Wednesday, September 10, 2008

Excuse us for eavesdropping, Prime Minister Maliki

Sometimes, Baghdad's Green Zone, the walled-off axis of American and Iraqi power, is akin to a spy novel. Concertina wire, endless soot-stained gray concrete walls, the speeding convoys of armored vehicles give the enclave a conspiratorial atmosphere. According to legend, key words like Al Qaeda or the Mahdi Army in a phone conversation ensure that your call will be monitored by some intelligence agency somewhere. On one occasion, a western official cautioned that a U.S. advisor to an Iraqi minister wasn’t advising his client, but spying on him.
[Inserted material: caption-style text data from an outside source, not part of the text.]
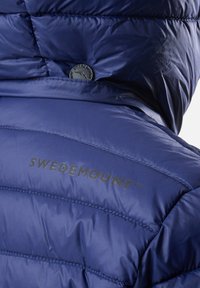 Navy blue puffy jacket with horizontal quilted design, featuring a black logo reading "SWEDEMOUNT" near the neckline and smooth texture.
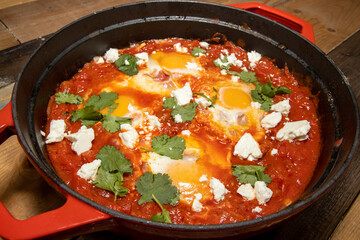 A delicious pot of Shakshuka with avocado and harissa eggs boiling in a large red cook pot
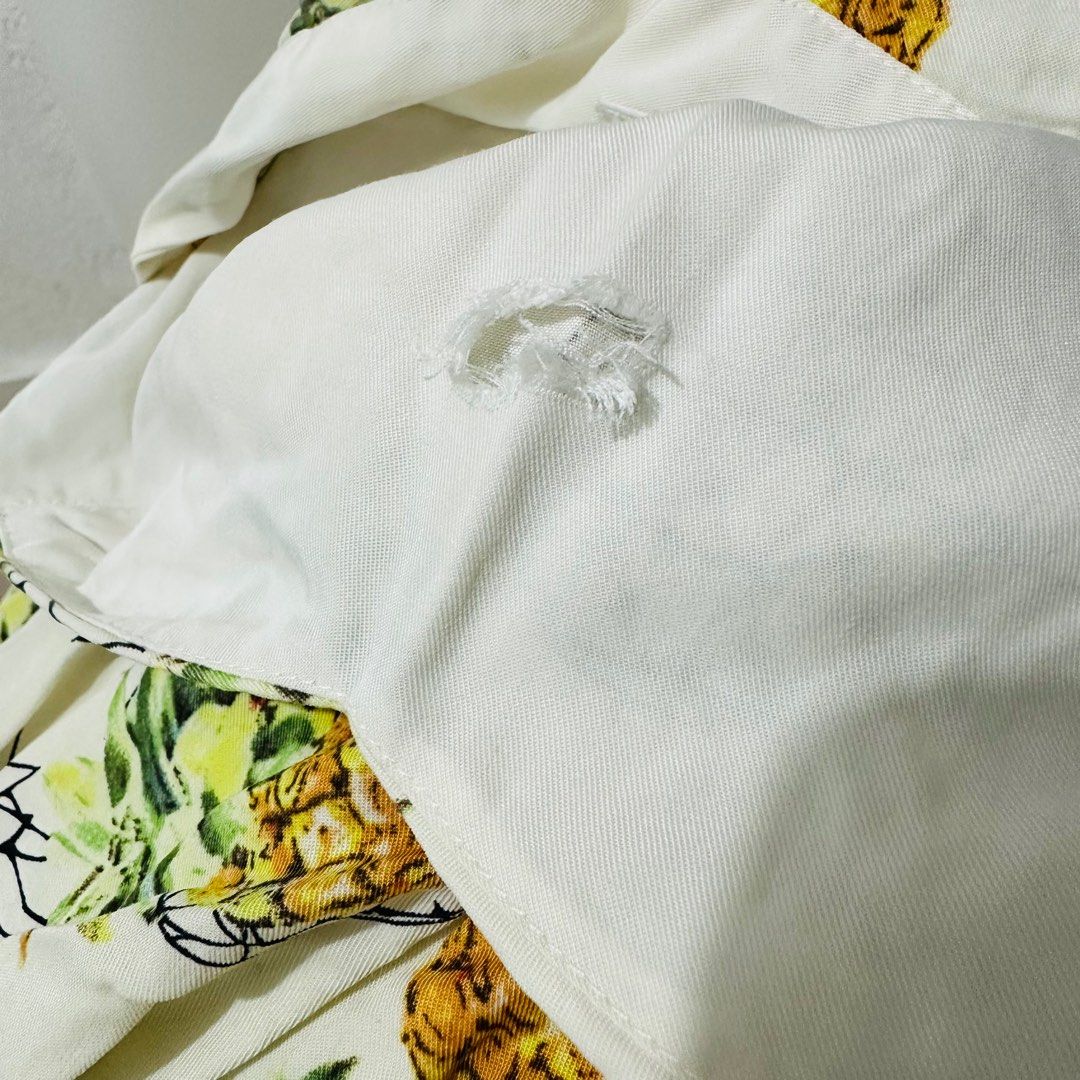 Pineapple Summer Dress (Category: Dresses) located in Calamba. Submitted by zybellezone (Listing ID 1352260509, Image 3). Description: Fits medium to large Criss cross back Double lining Minor flaw: hole in the inner lining, not seen when worn since it is inside.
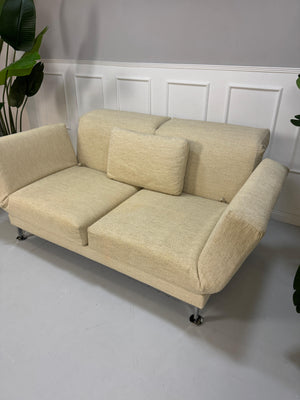 Gebrauchtes Brühl Moule Stoff Sofa in der Farbe Beige vor einer Wand, stilvoll und modern eingerichtet.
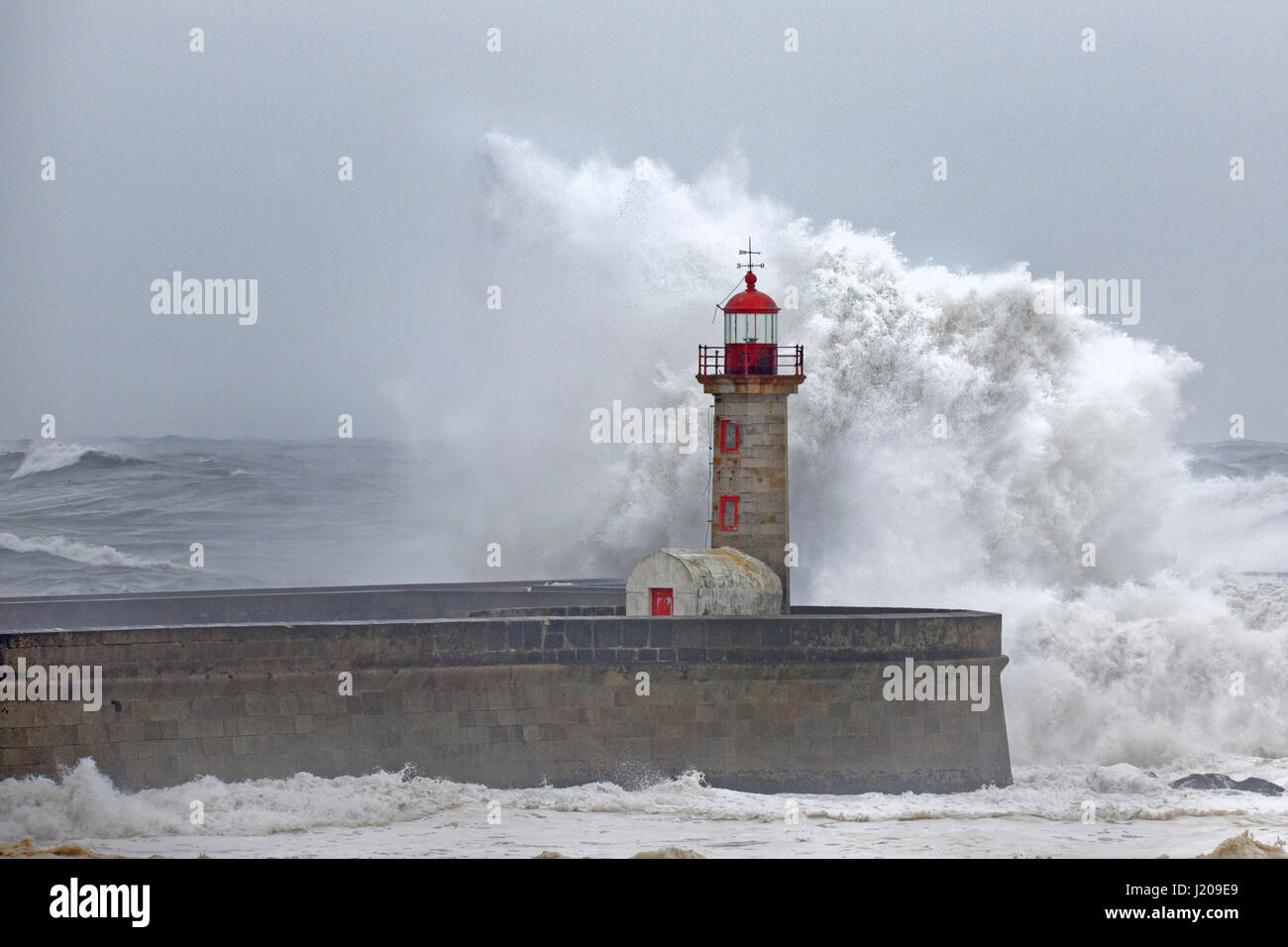 Lighthouse of Porto with storm, Portugal, Europe Stock Photo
The latest episode in Baghdad’s annals of cloak-and-dagger escapades came Friday with a Washington Post report that the U.S. government had been spying on Prime Minister Nouri Maliki. The information comes from a new book, "The War Within: A Secret White House History, 2006-2008," by famed journalist and Washington insider Bob Woodward. “We know everything he [Maliki] says,” one source bragged to Woodward, according to the Post.
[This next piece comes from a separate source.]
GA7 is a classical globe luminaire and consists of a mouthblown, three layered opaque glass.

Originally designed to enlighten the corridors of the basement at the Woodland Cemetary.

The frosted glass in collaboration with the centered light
The allegations were mentioned in January 2007 by Newsweek magazine. Then the magazine quoted unnamed White House officials as saying that Maliki’s conversations had been monitored because the United States wanted to make sure the prime minister was not saying one thing to them and another thing in private.

The magazine reported that the spying had reassured U.S. officials about Maliki.

However, the Iraqi government found nothing comforting in Woodward’s latest opus. "If it is true, if it is a fact, it reflects that there is no trust and it reflects also that the institutions in the United States are used to spy on their friends and their enemies in the same way," said Ali Dabbagh, the Iraqi government’s spokesman, in an e-mailed statement.

He warned that the news could imperil future relations with the CIA and other U.S. intelligence agencies. “We will raise this with the American side and we will ask for an explanation," he said.

Others took a more blasé approach, as if they expected the Americans would be listening in on Iraqi officials. Sheik Jalaluddin Saghir, a senior Shiite politician, thought it might “make things turbid” between the two countries. Other than that, he said, “It’s not a surprise.”